(Pictures with short captions)
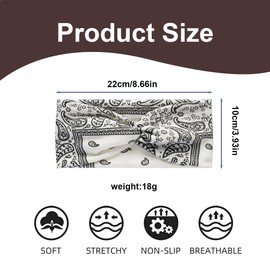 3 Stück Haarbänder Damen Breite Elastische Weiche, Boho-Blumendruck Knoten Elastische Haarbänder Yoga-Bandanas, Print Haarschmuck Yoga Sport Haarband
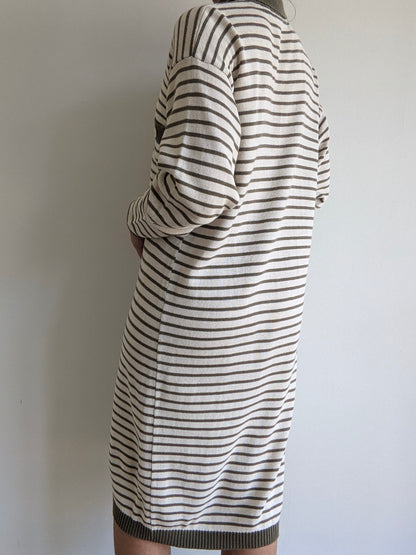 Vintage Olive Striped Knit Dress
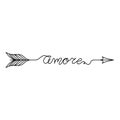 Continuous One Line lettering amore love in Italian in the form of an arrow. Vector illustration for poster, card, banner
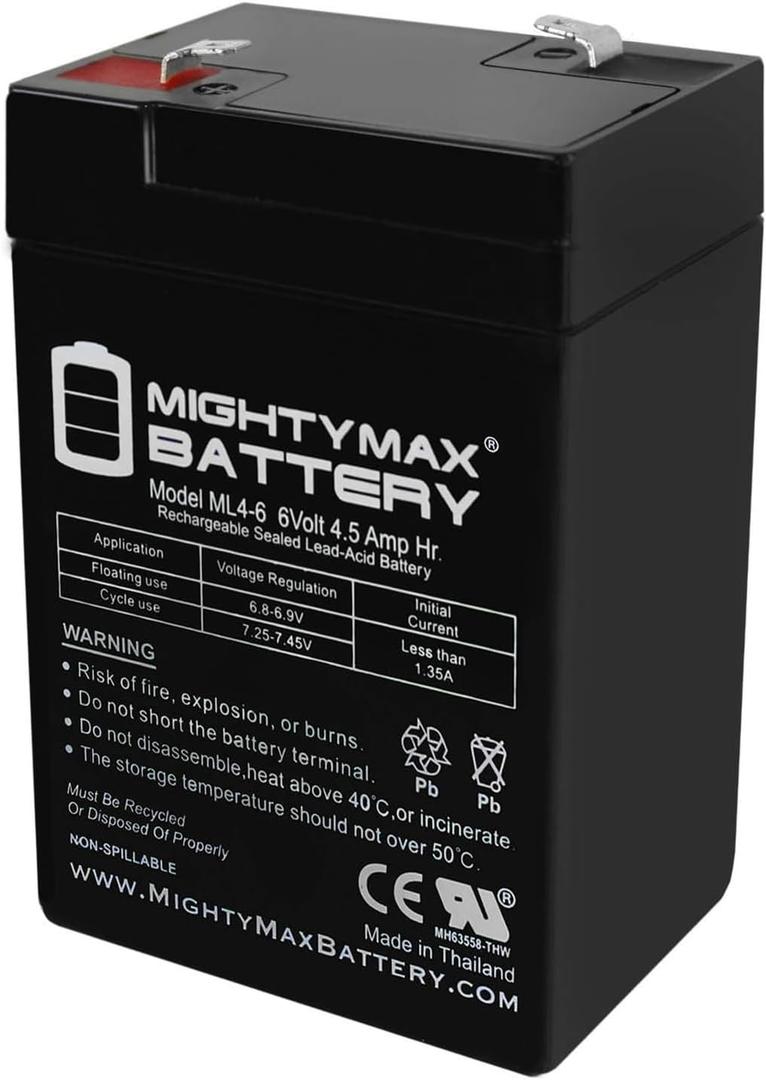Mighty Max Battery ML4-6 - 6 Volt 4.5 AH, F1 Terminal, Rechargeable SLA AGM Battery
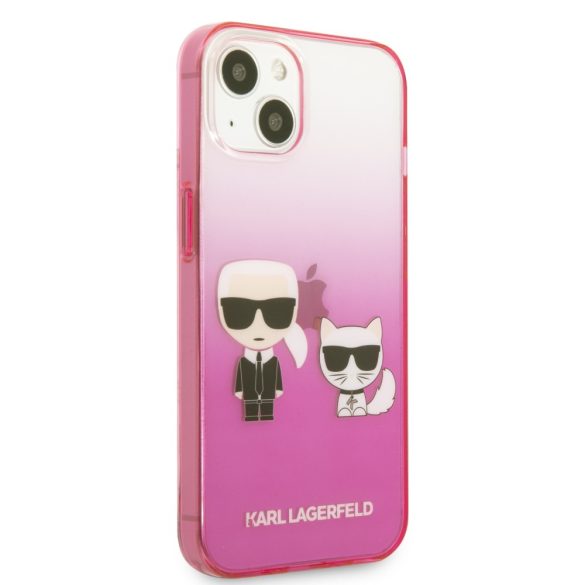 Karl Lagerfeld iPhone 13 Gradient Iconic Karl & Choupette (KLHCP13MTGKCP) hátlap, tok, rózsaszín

▶ **Problem description**
Exactly the lines from the one that contains "Continuous One Line" through the last line of the records should be set down, and the pictures should be dropped.

▶ **Task output**
 Continuous One Line lettering amore love in Italian in the form of an arrow. Vector illustration for poster, card, banner
Mighty Max Battery ML4-6 - 6 Volt 4.5 AH, F1 Terminal, Rechargeable SLA AGM Battery
 Karl Lagerfeld iPhone 13 Gradient Iconic Karl & Choupette (KLHCP13MTGKCP) hátlap, tok, rózsaszín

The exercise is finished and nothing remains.